With regards to the pathway enrichment analysis, we found linoleic acid metabolism, chemical carcinogenesis, and cell cycle as the most significant pathways for HCC patients' molecular signatures. The linoleic acid pathway regulates many physiological processes, then, its metabolic pathway is vital for metabolisms in cancer cells. According to the previous studies, defects in this pathway have been observed in HCC patients, therefore, our results confirm the previous ones [43, 44]. Besides, pathways involved with chemical carcinogenesis and cell cycle are associated with cancer development. Also, according to the results from the GO analysis, we found cytoplasmic, extracellular region, and vesicle as cellular components associated with HCC on cirrhotic tissue molecular signatures. In addition, GO analysis at the level of molecular function showed the value of some binding functions such as tetrapyrrole, collagen, and heme-binding proteins (Fig. 5).
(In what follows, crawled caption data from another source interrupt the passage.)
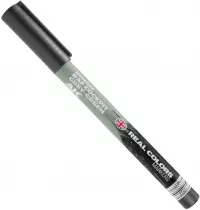 2. AK Interactive: Real Colors Markers - RCM028 - RAF Cockpit Grey-Green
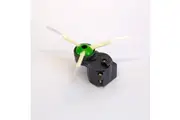 iRobot Roomba Side Brush Module for e,i and j series
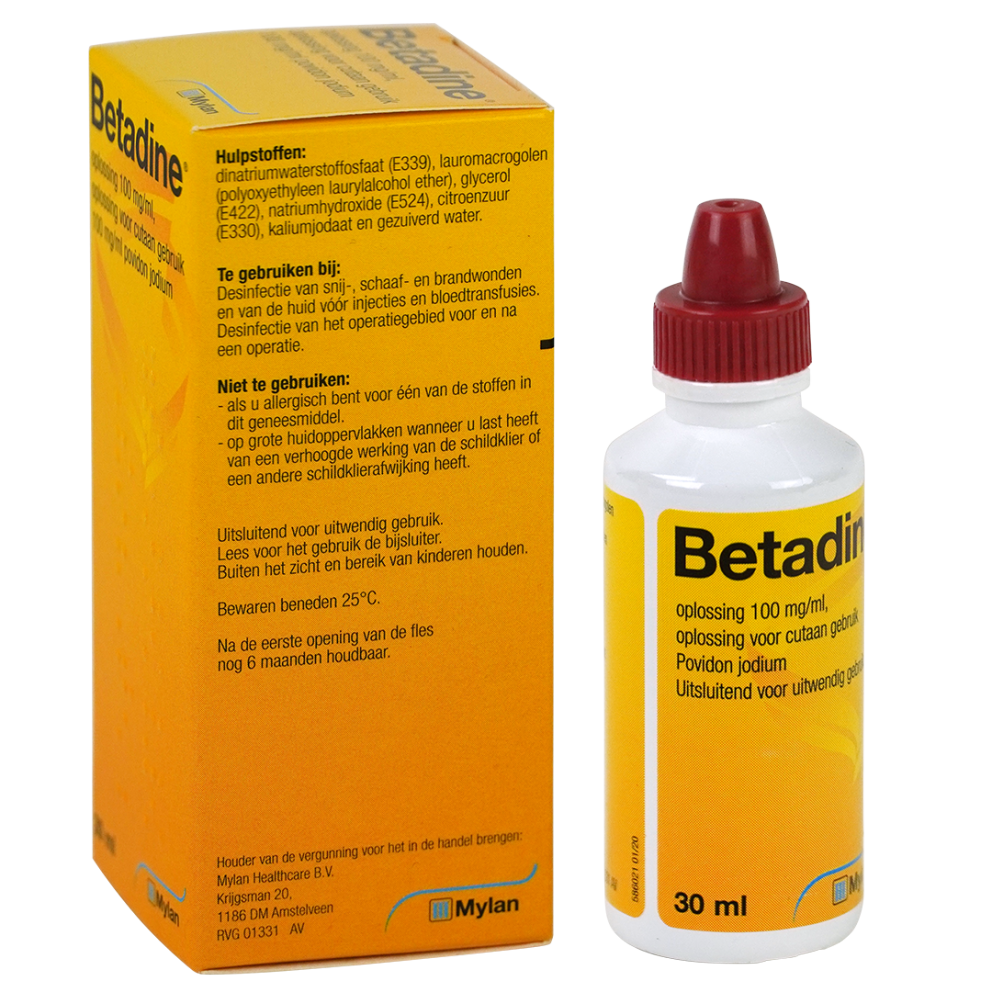 35033 Betadine 30 cc.jpg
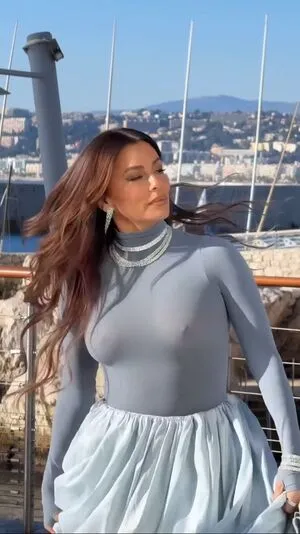 Eva Longoria OnlyFans Leaked Free Thumbnail Picture - #ACJ2hhaCv5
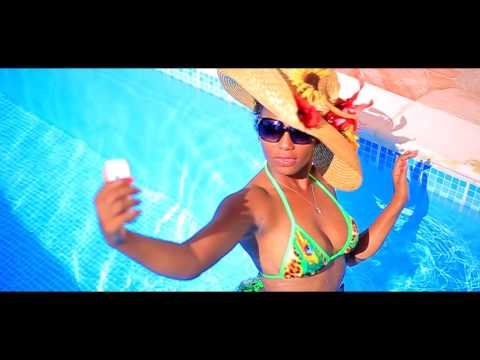 VITAMYN' feat FAB TROUPE & Mr GG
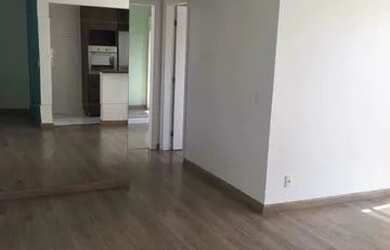 Imagem 6: Apartamento para venda com 67 metros quadrados com 2 quartos em Jardim Ester - São Paulo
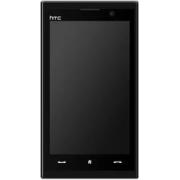 Looking To Buy Mobile Phones (United States)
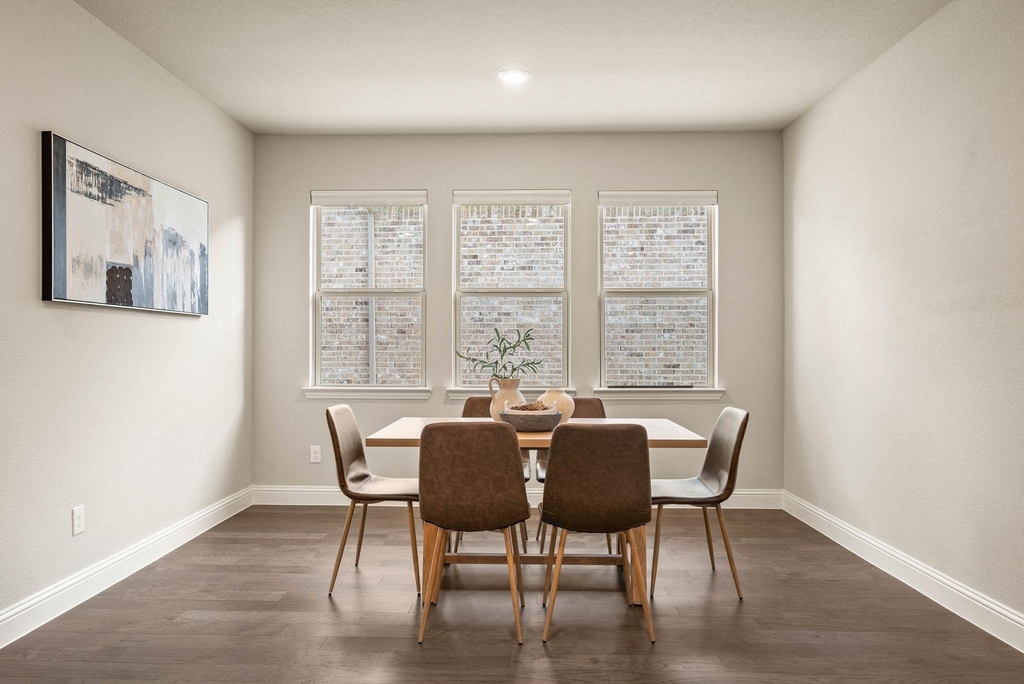 2501 Bedford Road - Photo 20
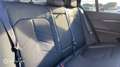 BMW 520 520dA 197ch M Sport - thumbnail 6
In conclusion, the validation of these findings is valuable in clinical and pathological research in HCC patients. In the present study, we proposed a comprehensive transcriptome data analysis to find a set of molecular signatures associated with the transition between HCC and cirrhotic tissue. Then we constructed a GRN to highlight the possible regulatory mechanism of these DEGs by DETFs. In addition, we used systems biology approaches to find PPI network, pathways and GO associated with the acquired molecular signatures. The results of this study suggested some key elements that could be used as potential prognostic markers and/or therapeutic targets in cirrhotic and HCC patients to prevent malignancy.